Word came out of Los Angeles last week that Sundance Cinemas is for sale. What this means is unclear. It’s possible to feel a little panicky. Will Dane County lose the closest thing it has to an art movie theater? Will Madison lose its only semi-centrally located movie house? Will we have to go to Sun Prairie or Stoughton if we want to drink a beer while watching a movie?
Sundance Cinemas Madison general manager Merijoy Endrizzi-Ray declined comment and directed Isthmus to Muirfield Partners, a Los Angeles-based corporate communications and investor relations firm.
It’s true that Sundance is being sold — when and to whom is yet to be determined. But it is being packaged with its four sister locations in West Hollywood, Houston, Seattle and San Francisco as a chain of theaters — and a profitable one at that, according to a Muirfield Partners representative who asked to remain anonymous.
Sundance 608 opened in Madison at Hilldale Mall in 2007. Its mission was to be a home for the sort of independent and foreign movies that were found at the Sundance Film Festival and on the Sundance Channel.
Over the years this mission has changed. Hollywood has crept into the old art house. It is not uncommon for more than half of its six screens to be occupied with major studio movies. But the theater still delivers more idiosyncratic fare. Beyond the Sundance-style films, it also offers revivals of classic films on Wednesday nights and screenings of Academy Award-nominated short films during Oscar season, and it serves as the prime venue for the Wisconsin Film Festival.
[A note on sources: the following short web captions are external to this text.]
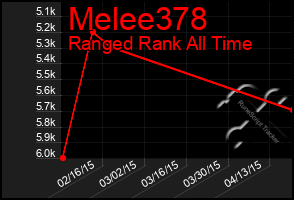 Total Graph of Melee378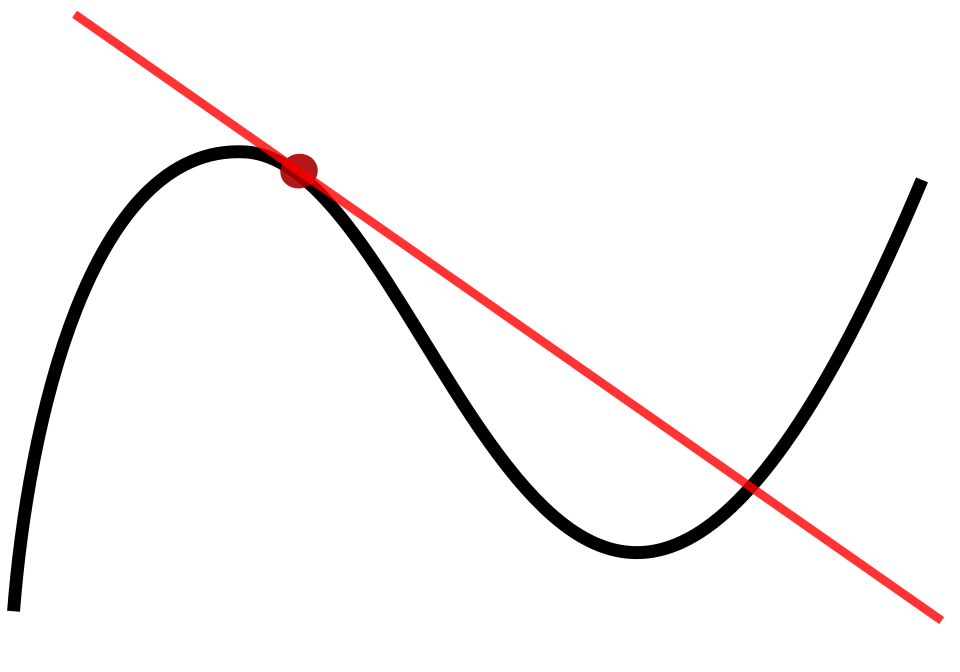 tangent line to a curve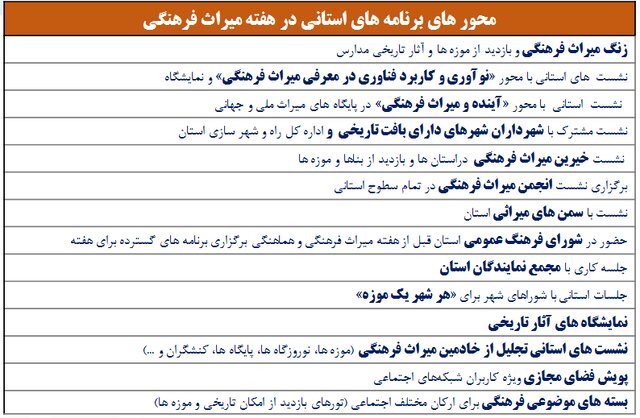 از تجلیل موزهداران برتر تا نمایش اشیاء تاریخی توقیفشده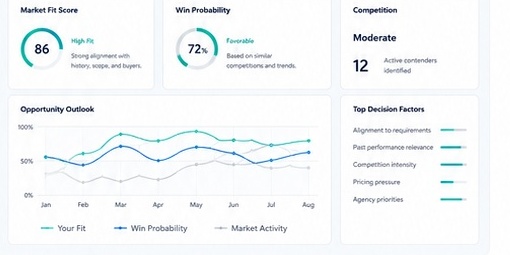 Market intelligence brief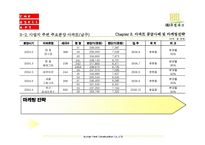 분양마케팅홍보제안서-13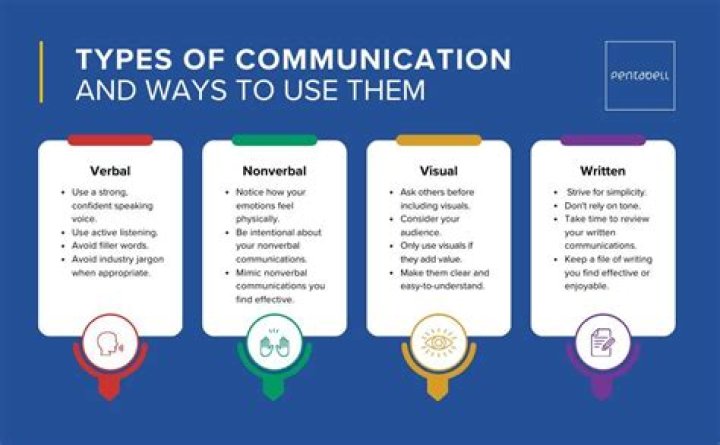 What are the 9 types of communication?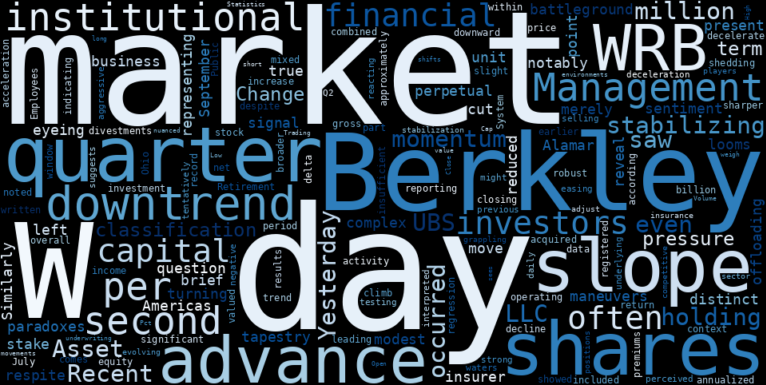 WordCloud for W.R. Berkley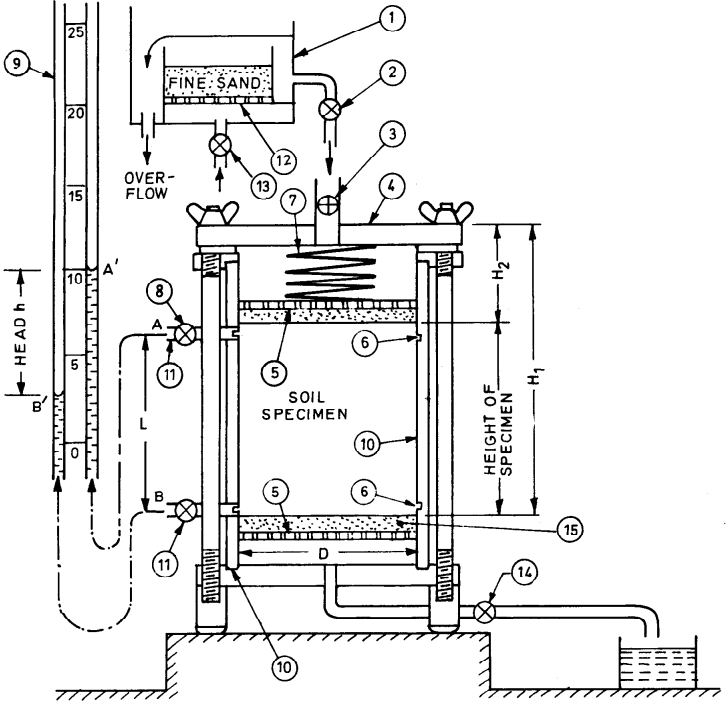 Constant Head Permeameter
In this era, it is harder and harder to run a profitable cinema. Doomsayers point to declining ticket sales, audiences fleeing to home viewing and the unsustainability of a product reliant on increasingly expensive action spectaculars. Despite this gloomy assessment, the Sundance theaters have thrived and are profitable.
The representative says there’s no sense in breaking apart the chain or altering a successful formula, so they are looking for a buyer who will keep operating under the same model. In all likelihood, the movies will be similar; hefty surcharges will keep ads off the screens; the seats will stay comfortable; the beer, wine and food will remain; and Madisonians will still have a place to get real butter on their popcorn. The only presumptive major change will be the name on the side of the building.
Since Sundance opened, other chains have copied its model, such as the independent Austin, Texas-based Alamo Drafthouse. Even the corporate Marcus Theaters has added a bar to Point Cinemas, and theatergoers are able to enjoy drinks and dinners in its new venue, Palace Cinemas.